See "Risk Factors" beginning on page 9 of this prospectus for a discussion of certain risks that you should consider before
participating in these Exchange Offers.
Each broker-dealer that receives the New Notes for its own account pursuant to the Exchange Offers must acknowledge that it will
deliver a prospectus in connection with any resale of such new securities. The accompanying letter of transmittal states that by so
acknowledging and by delivering a prospectus, a broker-dealer will not be deemed to admit that it is an "underwriter" within the meaning
of the Securities Act. This prospectus, as it may be amended or supplemented from time to time, may be used by a broker-dealer in
connection with resales of New Notes received in exchange for Old Notes where such Old Notes were acquired by such broker-dealer as a
result of market-making activities or other trading activities.
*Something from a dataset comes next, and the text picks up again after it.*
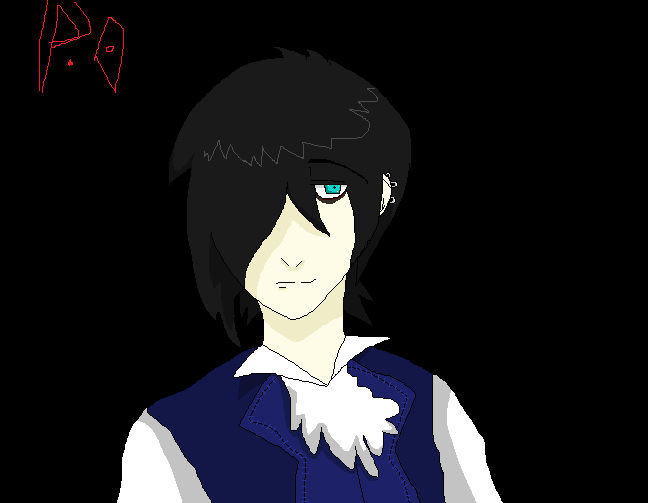 Alex Ralph Po Alex From Po by TheCrowAtMidnight on DeviantArt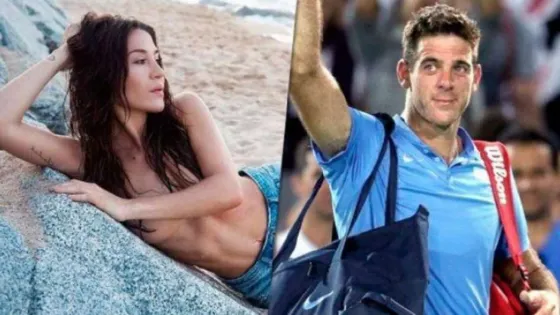 ¿Qué dirá Del Potro? Jimena Barón habló sobre los hombres que “la tirotean”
We have agreed that, starting on the expiration date and ending on the close of
business 90 days after the expiration date, we will make this prospectus available to any broker-dealer for use in connection with any such
resale. See "Plan of Distribution".
Neither the Securities and Exchange Commission nor any state securities commission has approved or disapproved of these securities
or passed upon the adequacy or accuracy of this prospectus. Any representation to the contrary is a criminal offense.

The date of this prospectus is November 8, 2013.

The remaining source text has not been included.